### What is expected:
Omitting the pictures, restate all of the entries below exactly.

### Input data:
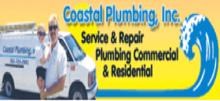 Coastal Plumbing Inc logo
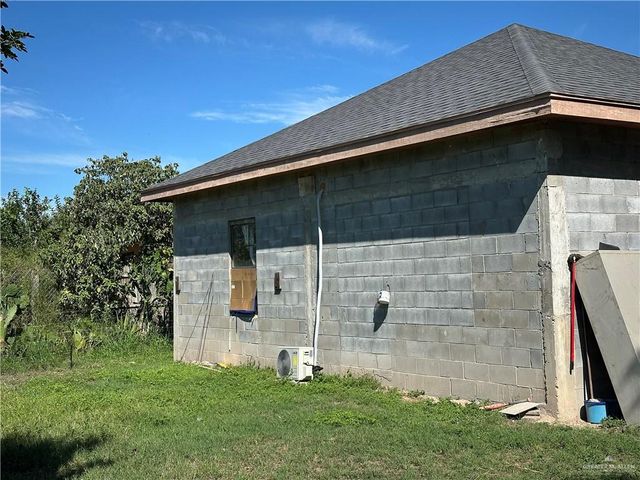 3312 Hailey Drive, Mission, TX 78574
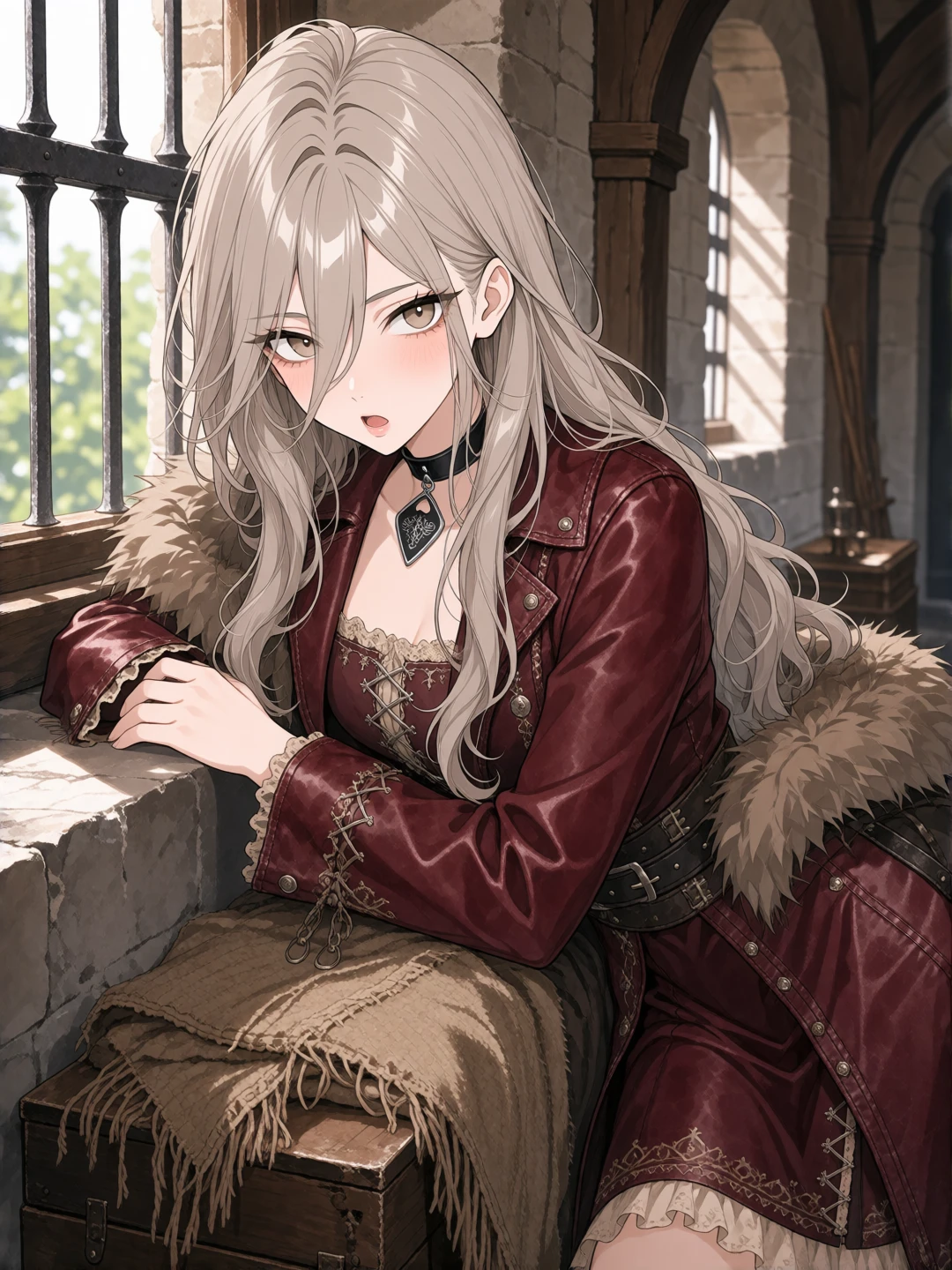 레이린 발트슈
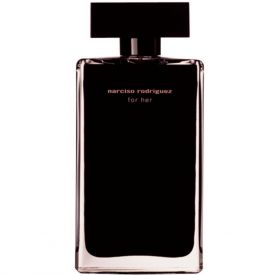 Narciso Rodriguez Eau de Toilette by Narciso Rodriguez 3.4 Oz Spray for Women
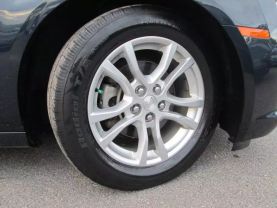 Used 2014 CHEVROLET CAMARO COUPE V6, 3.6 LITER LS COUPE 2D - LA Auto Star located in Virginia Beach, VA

### Response to this exercise:
 Coastal Plumbing Inc logo
 3312 Hailey Drive, Mission, TX 78574
 레이린 발트슈
 Narciso Rodriguez Eau de Toilette by Narciso Rodriguez 3.4 Oz Spray for Women
 Used 2014 CHEVROLET CAMARO COUPE V6, 3.6 LITER LS COUPE 2D - LA Auto Star located in Virginia Beach, VA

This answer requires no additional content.